[EXERCISE OBJECTIVE] For this exercise, write out only the lines of the entries below from the one with "Replacement part for" up to and including the one with "Euro Hiker Trail Shoe - Image 8", exactly as they are. Pictures stay out.

[INPUT DATA]
*** Block opens ***
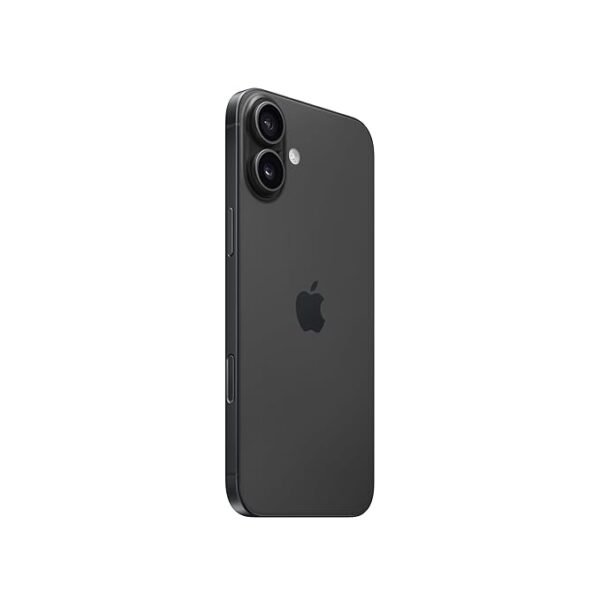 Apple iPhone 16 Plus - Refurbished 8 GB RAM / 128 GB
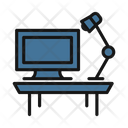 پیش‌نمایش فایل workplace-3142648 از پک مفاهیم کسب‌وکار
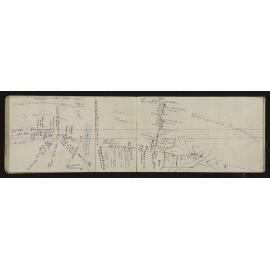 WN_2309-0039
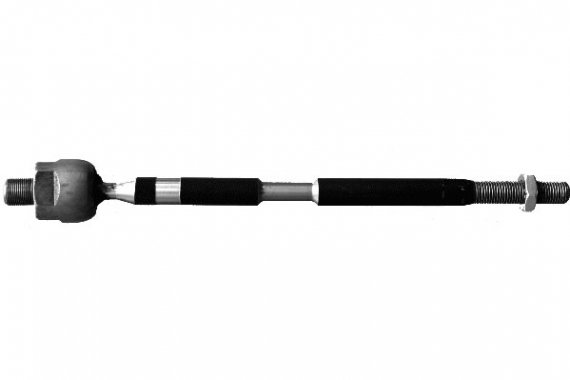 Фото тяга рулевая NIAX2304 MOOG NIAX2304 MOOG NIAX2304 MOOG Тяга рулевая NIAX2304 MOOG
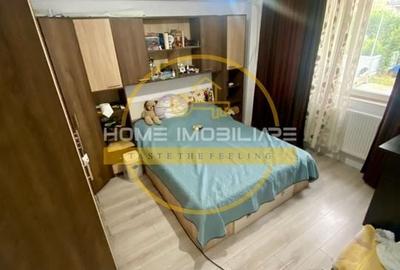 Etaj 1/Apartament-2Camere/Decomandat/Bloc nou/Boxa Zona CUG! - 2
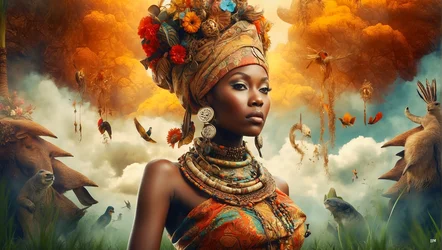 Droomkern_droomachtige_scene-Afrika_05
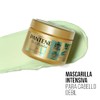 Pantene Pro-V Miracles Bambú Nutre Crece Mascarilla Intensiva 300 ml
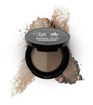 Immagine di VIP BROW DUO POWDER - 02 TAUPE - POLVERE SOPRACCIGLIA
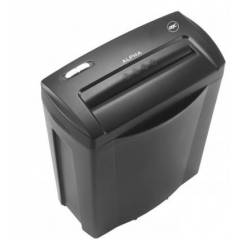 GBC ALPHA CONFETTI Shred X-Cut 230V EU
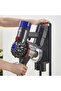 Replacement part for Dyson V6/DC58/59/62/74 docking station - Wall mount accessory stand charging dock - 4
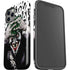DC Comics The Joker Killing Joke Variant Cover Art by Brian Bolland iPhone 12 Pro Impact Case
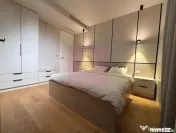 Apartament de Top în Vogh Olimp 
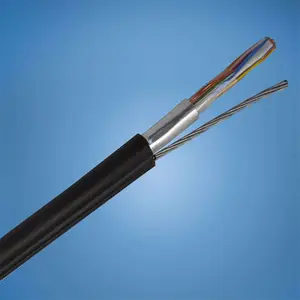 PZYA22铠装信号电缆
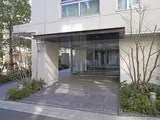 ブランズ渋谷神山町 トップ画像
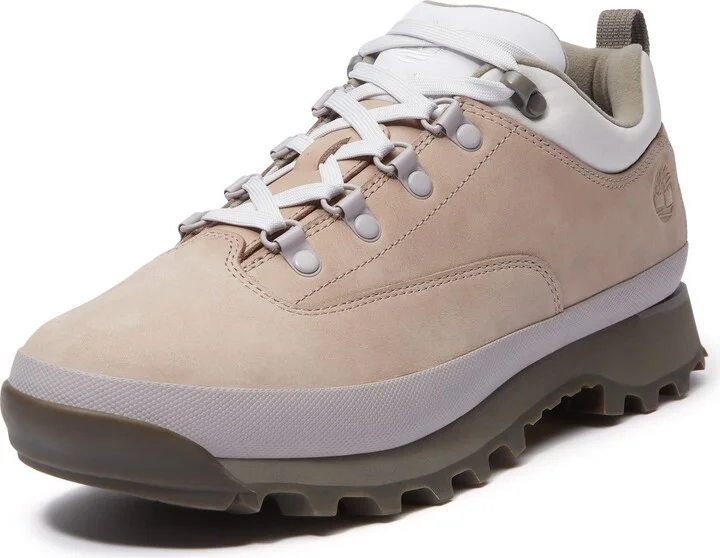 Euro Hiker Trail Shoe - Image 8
*** Block closes ***
*** Block opens ***
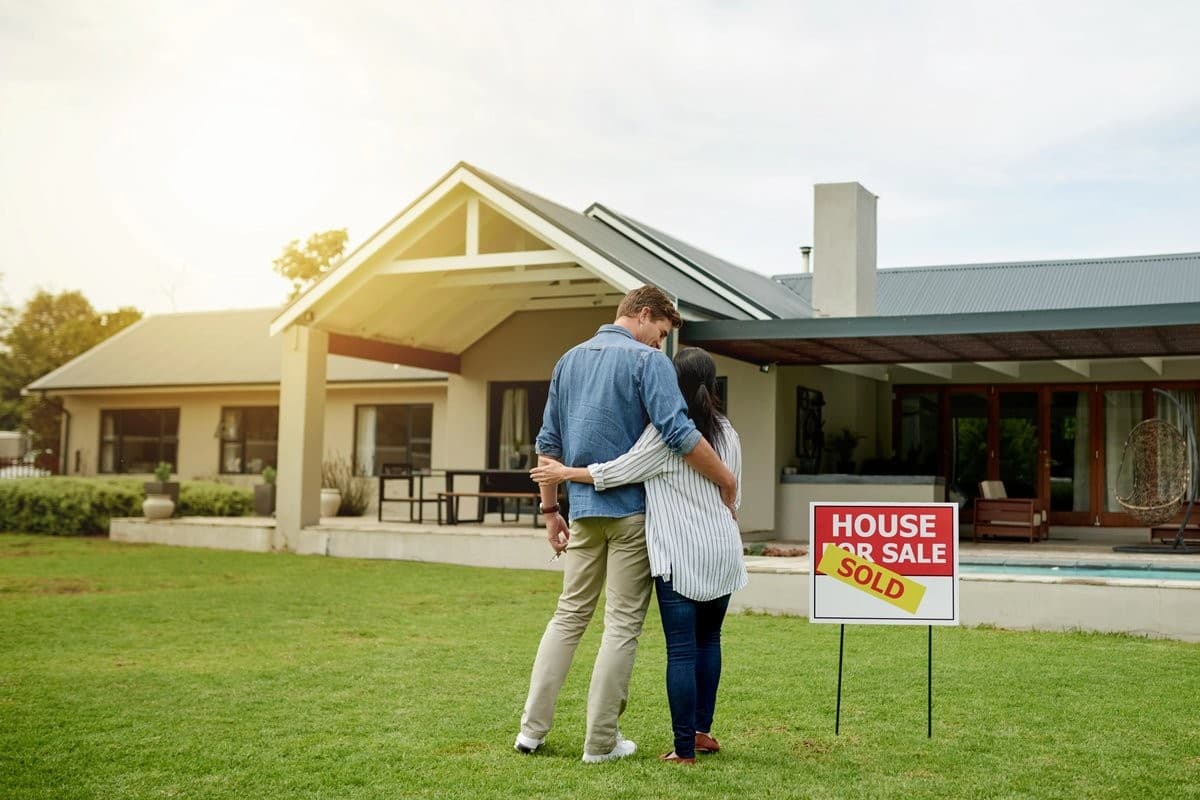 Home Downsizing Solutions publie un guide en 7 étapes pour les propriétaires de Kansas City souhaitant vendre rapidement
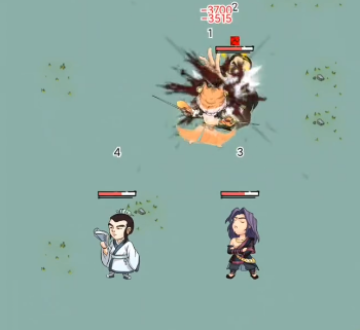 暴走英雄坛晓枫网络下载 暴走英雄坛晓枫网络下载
*** Block closes ***
[COMPLETED TASK]
 Replacement part for Dyson V6/DC58/59/62/74 docking station - Wall mount accessory stand charging dock - 4
DC Comics The Joker Killing Joke Variant Cover Art by Brian Bolland iPhone 12 Pro Impact Case
 Apartament de Top în Vogh Olimp 
 PZYA22铠装信号电缆
 ブランズ渋谷神山町 トップ画像
 Euro Hiker Trail Shoe - Image 8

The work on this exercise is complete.